Input for this task:
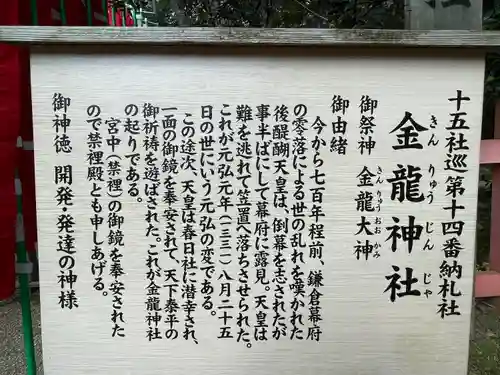 春日大社金龍神社（禁裡殿）(奈良県)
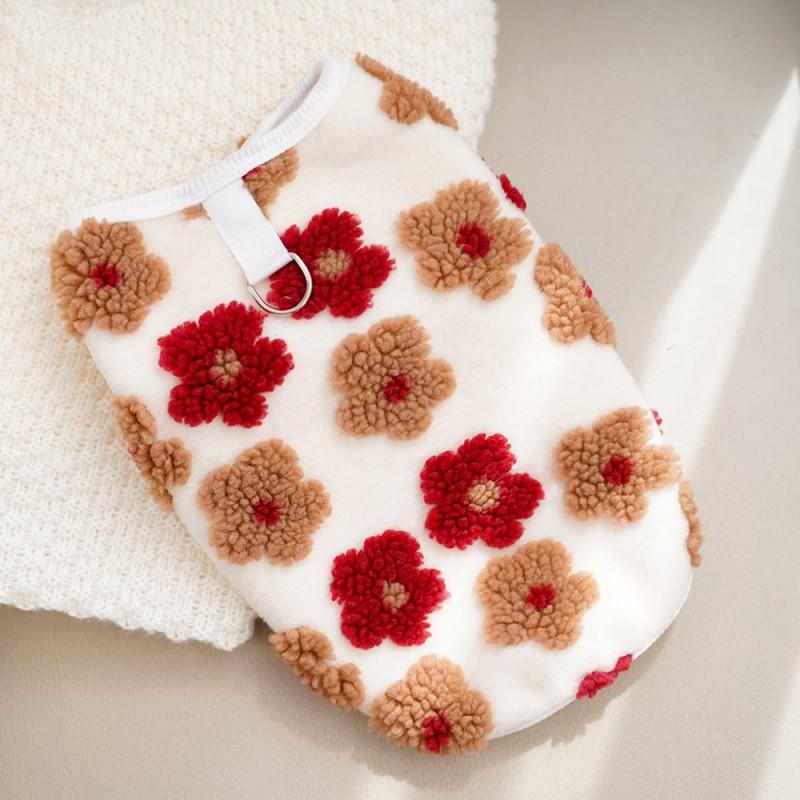 Warm Fleece Pet Vest Small Dogs Cats Winter Coat Cute Cartoon Style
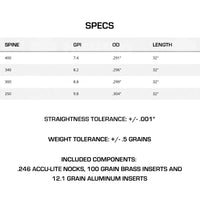 Gold Tip Force Carbon Shafts (12 Pk) Arrow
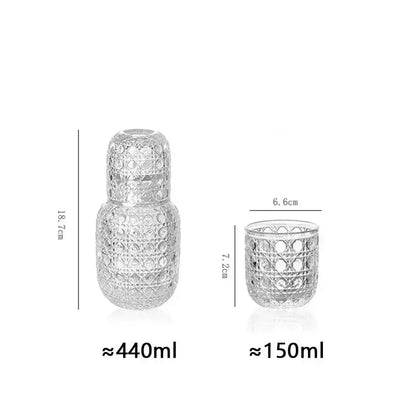 Carafe à Eau Originale - Verre Design et Moderne Gourde Bottle®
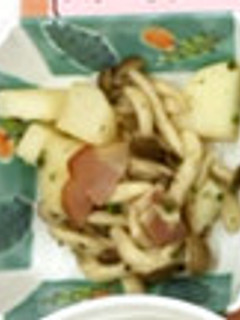 長芋ときのこのバター醤油炒め-レシピのメイン写真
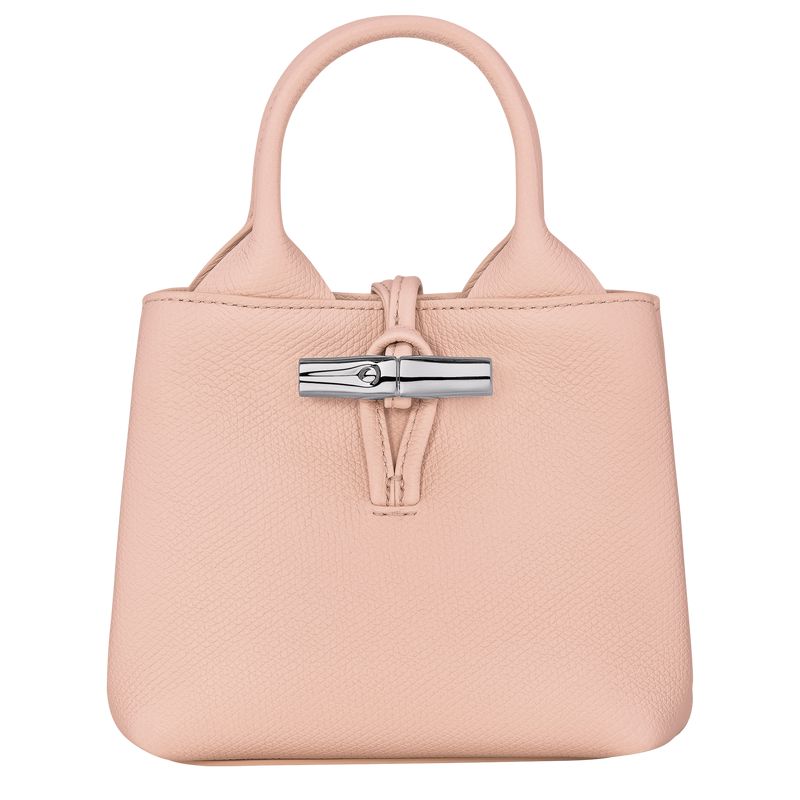 Light Rose Longchamp Le Roseau Xs Women Handbag | US-481KNMVBD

Activity: Exactly the lines from the line containing "Warm Fleece Pet" to the end of the records need to be copied, both ends included, with pictures left out.

Solution below:
 Warm Fleece Pet Vest Small Dogs Cats Winter Coat Cute Cartoon Style
 Gold Tip Force Carbon Shafts (12 Pk) Arrow
 Carafe à Eau Originale - Verre Design et Moderne Gourde Bottle®
 長芋ときのこのバター醤油炒め-レシピのメイン写真
 Light Rose Longchamp Le Roseau Xs Women Handbag | US-481KNMVBD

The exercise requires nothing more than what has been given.